[Caption-style text data]
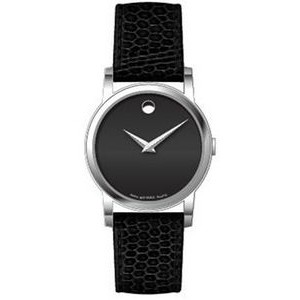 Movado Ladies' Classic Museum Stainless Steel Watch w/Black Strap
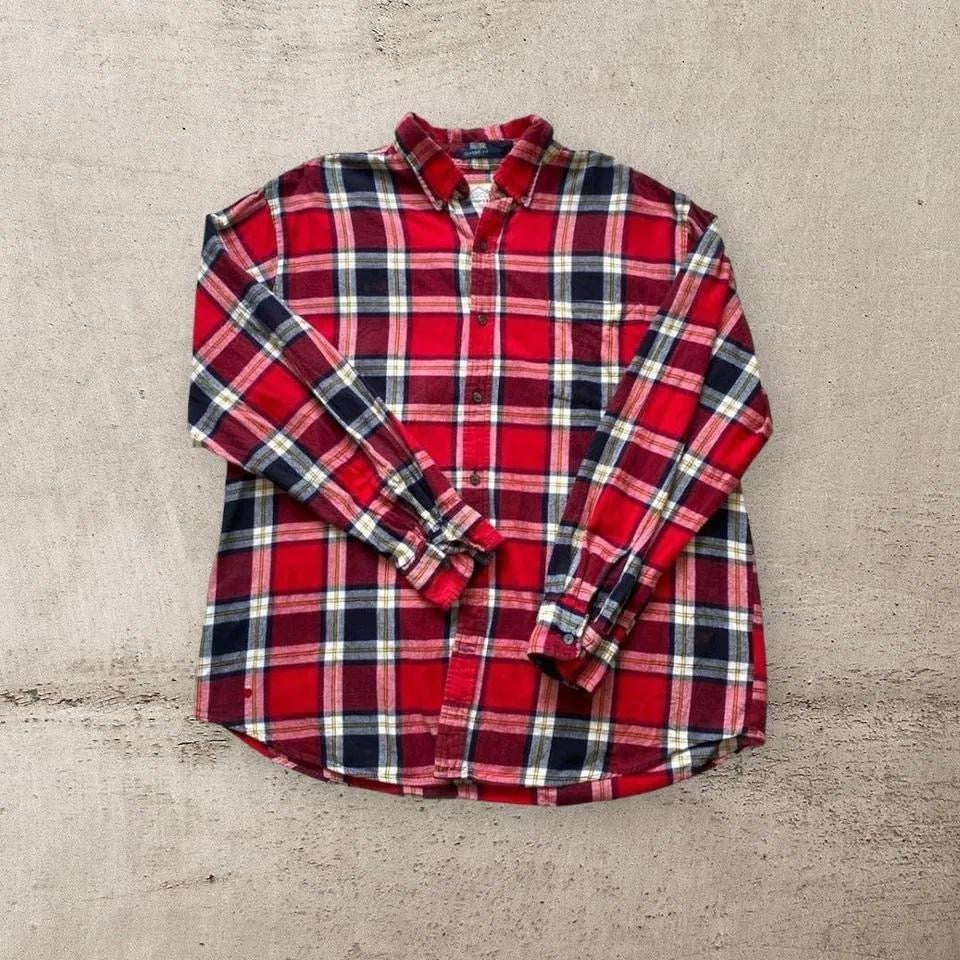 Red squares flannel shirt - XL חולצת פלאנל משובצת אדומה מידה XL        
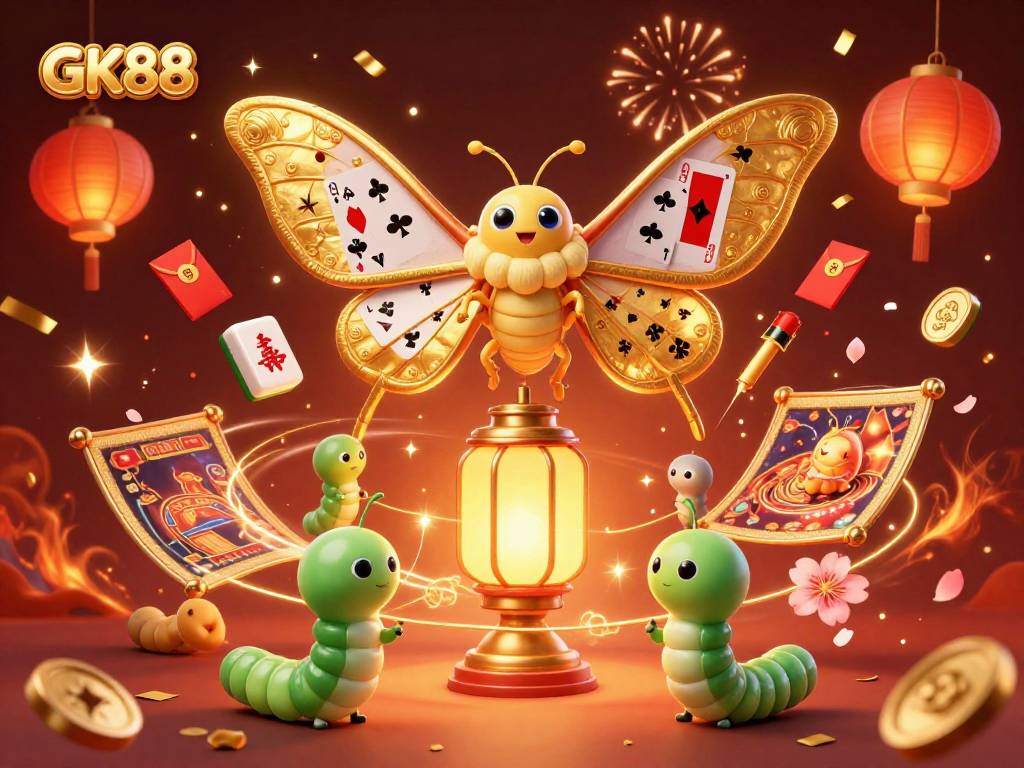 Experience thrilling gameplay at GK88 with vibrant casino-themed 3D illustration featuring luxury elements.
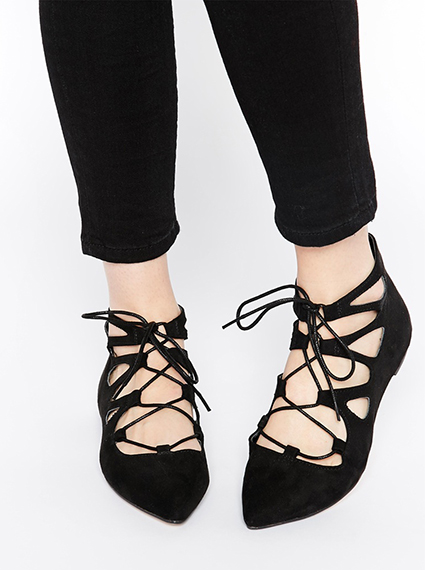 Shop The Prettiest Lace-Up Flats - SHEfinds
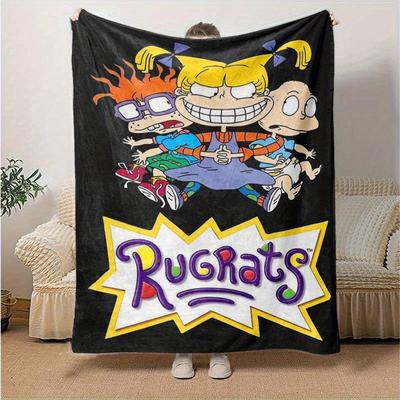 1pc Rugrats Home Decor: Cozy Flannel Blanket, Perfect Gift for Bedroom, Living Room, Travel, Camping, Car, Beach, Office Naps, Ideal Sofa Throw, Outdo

= Problem to solve =
Retype all of the data above word for word, excluding the pictures.

= Written answer =
 Movado Ladies' Classic Museum Stainless Steel Watch w/Black Strap
 Red squares flannel shirt - XL חולצת פלאנל משובצת אדומה מידה XL        
 Experience thrilling gameplay at GK88 with vibrant casino-themed 3D illustration featuring luxury elements.
 Shop The Prettiest Lace-Up Flats - SHEfinds
 1pc Rugrats Home Decor: Cozy Flannel Blanket, Perfect Gift for Bedroom, Living Room, Travel, Camping, Car, Beach, Office Naps, Ideal Sofa Throw, Outdo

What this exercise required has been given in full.